City, CB1 Not Keen on Plan to Demolish Winter Garden Stairs
Members of Community Board 1 hope they can dissuade Brookfield Properties from its apparent plans to knock down the grand marble staircase in the World Financial Center’s Winter Garden. Representatives of Brookfield, owner of the World Financial Center, agreed to meet with the board’s Battery Park City Committee on Sept. 7.
“[Brookfield] knows how important that Winter Garden staircase is to our community, and the symbolism it has for us,” said Julie Menin, the board’s chairwoman.
According to documents obtained by the Trib, the demolition would be done primarily to accommodate a pedestrian tunnel that will connect the World Trade Center transportation hub to the World Financial Center. Brookfield intends to overhaul much of the retail space inside the Winter Garden where it meets the tunnel.
The semicircular staircase was rebuilt after it was crushed on Sept. 11, 2001.
Earlier this year, Brookfield proposed removing the stairs so that pedestrians leaving the tunnel would see the Winter Garden and the view west. New escalators would be installed on the east end of the atrium to connect the first and second floors.
After City Planning Commissioner Amanda Burden panned the preliminary designs in a letter to the company this summer, Brookfield chairman John Zuccotti defended the plan, saying that the 88-foot-wide, 15-foot-high wall supporting the stairs was a “significant physical and visual barrier” and would be “a major inconvenience” for pedestrians exiting the tunnel into the atrium.
“[Keeping the stairs] would require people to maneuver around the wall as they enter the Winter Garden from the new transit center, creating choke points,” Zuccotti wrote.
In her note to Zuccotti, Burden said to eliminate the staircase would “create a significant void” in the Winter Garden, noting both its physical dominance of the space and its practical worth to atrium visitors.

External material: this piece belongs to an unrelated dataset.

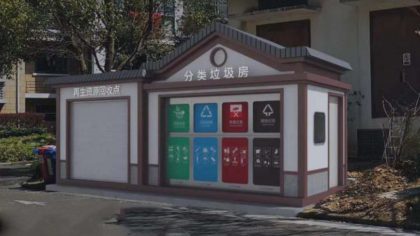 河北張家口定制生產(chǎn)垃圾分類垃圾房、垃圾亭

“We think it highly questionable as to whether there is a compelling rationale for removing the stairs, which are used by a broad range of people throughout the day, seven days a week,” Burden wrote.
Today, visitors climb the staircase to reach the expanse of windows that overlook the Trade Center site and the stairs are used by workers on their way to offices in the Financial Center. The stairs also are often used for seating during performances.
In interviews on a recent weekday morning at the World Financial Center, reactions to Brookfield’s plans were mixed. Some tourists, seeing the Winter Garden for the first time, gasped when told of the stairs’ possible demolition.
“We’re not even from here, but that seems like it would be a really tragic loss,” said Las Vegas resident Rusty Ellis.
“It’s so beautiful and unique, why would they want to get rid of it?” wondered his wife, DaLea.
By contrast, some Financial Center workers expressed indifference.
“I don’t really think we need them,” said Laura Saunders of Merrill Lynch. “We’ve already got escalators on the other side [of the atrium].”
One American Express employee, who asked not to be identified, said she wasn’t concerned with the stairs themselves, but worried about what their loss would mean to the serenity of the atrium.
“If that happens, I’ll be very unhappy,” she said. “This is our little oasis here, and I don’t want to lose it.”